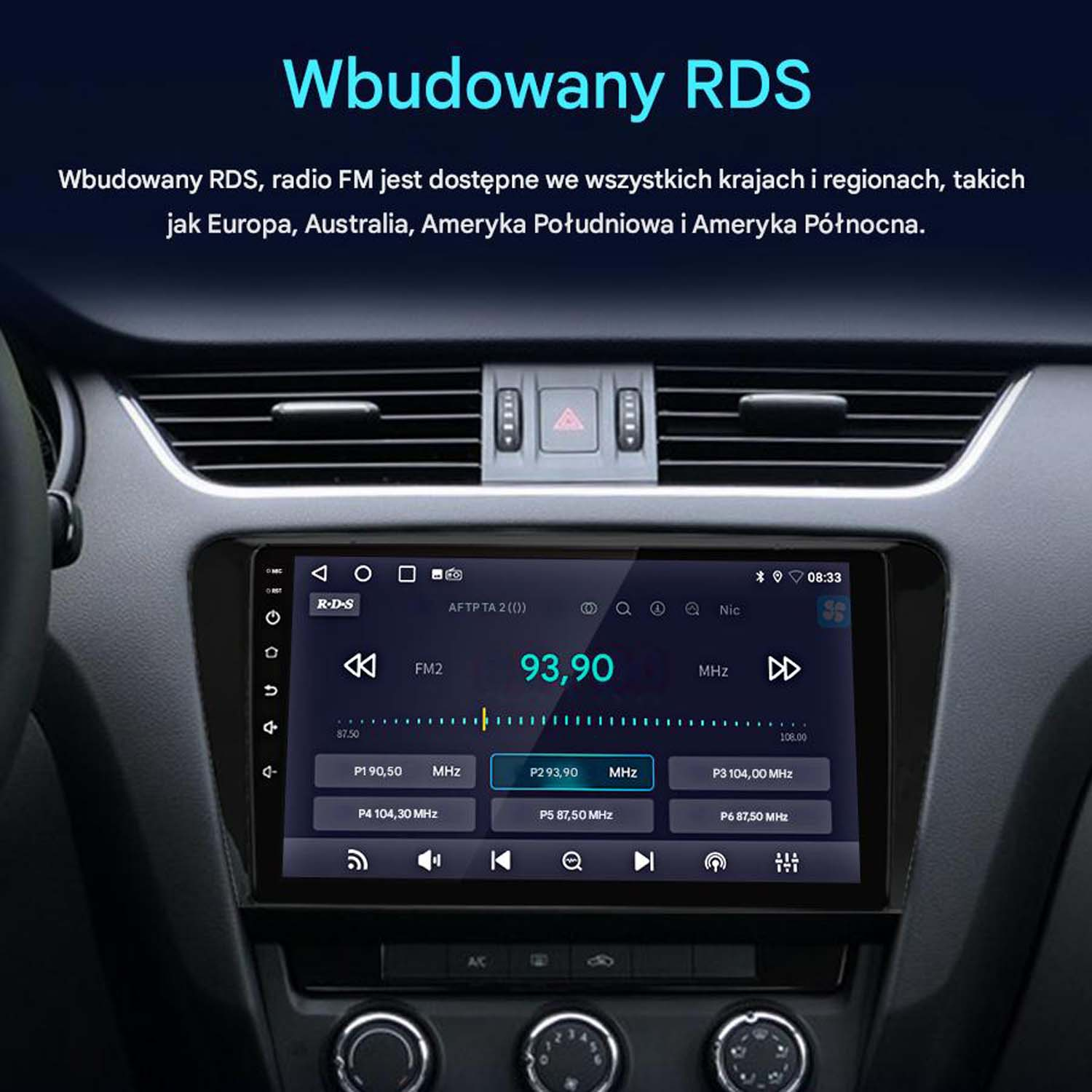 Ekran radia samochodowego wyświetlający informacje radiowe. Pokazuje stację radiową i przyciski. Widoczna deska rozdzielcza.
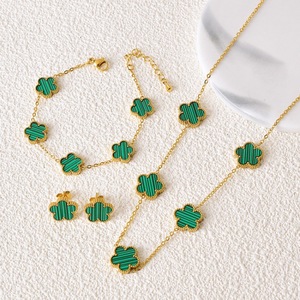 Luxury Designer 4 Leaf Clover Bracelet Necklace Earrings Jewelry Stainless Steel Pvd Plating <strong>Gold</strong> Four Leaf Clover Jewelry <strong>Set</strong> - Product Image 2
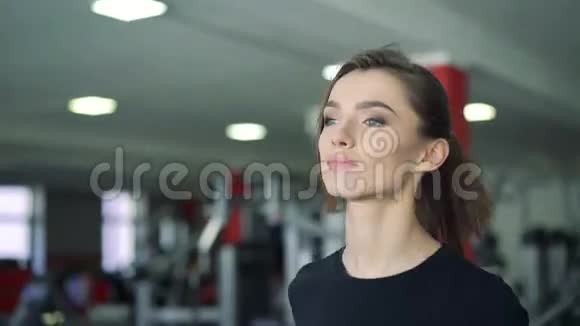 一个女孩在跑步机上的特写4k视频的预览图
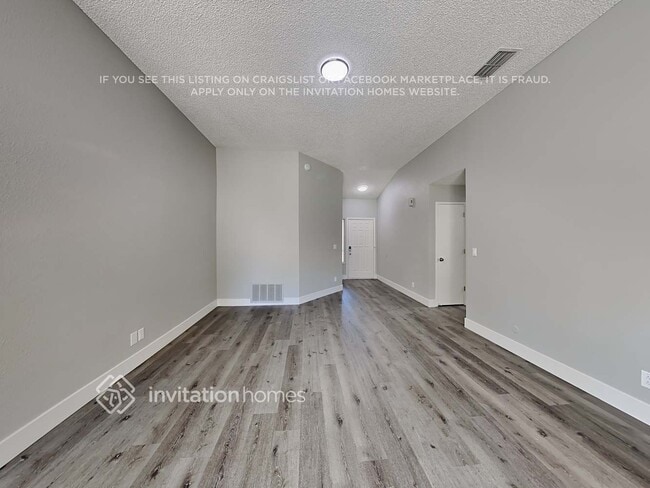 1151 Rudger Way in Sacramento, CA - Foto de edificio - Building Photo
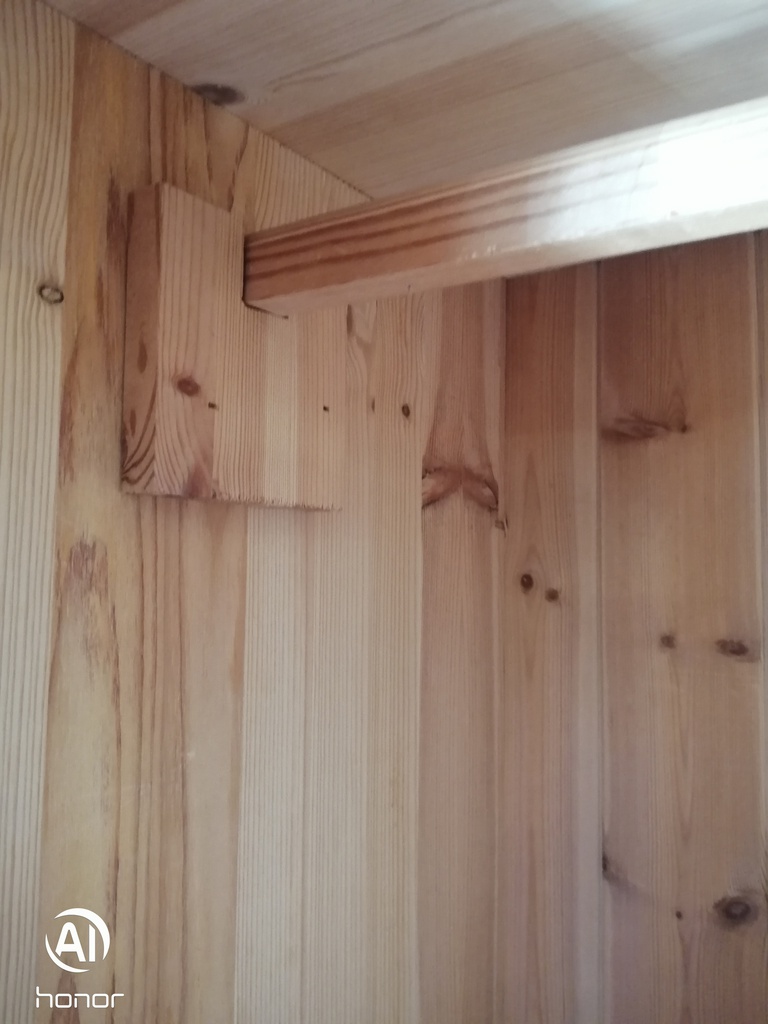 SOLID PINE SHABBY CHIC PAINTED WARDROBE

* **EXERCISE DETAILS**: Quote every record above exactly, omitting any pictures they contain.

* **ANSWER BELOW**:
 Ekran radia samochodowego wyświetlający informacje radiowe. Pokazuje stację radiową i przyciski. Widoczna deska rozdzielcza.
 Luxury Designer 4 Leaf Clover Bracelet Necklace Earrings Jewelry Stainless Steel Pvd Plating <strong>Gold</strong> Four Leaf Clover Jewelry <strong>Set</strong> - Product Image 2
 一个女孩在跑步机上的特写4k视频的预览图
 1151 Rudger Way in Sacramento, CA - Foto de edificio - Building Photo
 SOLID PINE SHABBY CHIC PAINTED WARDROBE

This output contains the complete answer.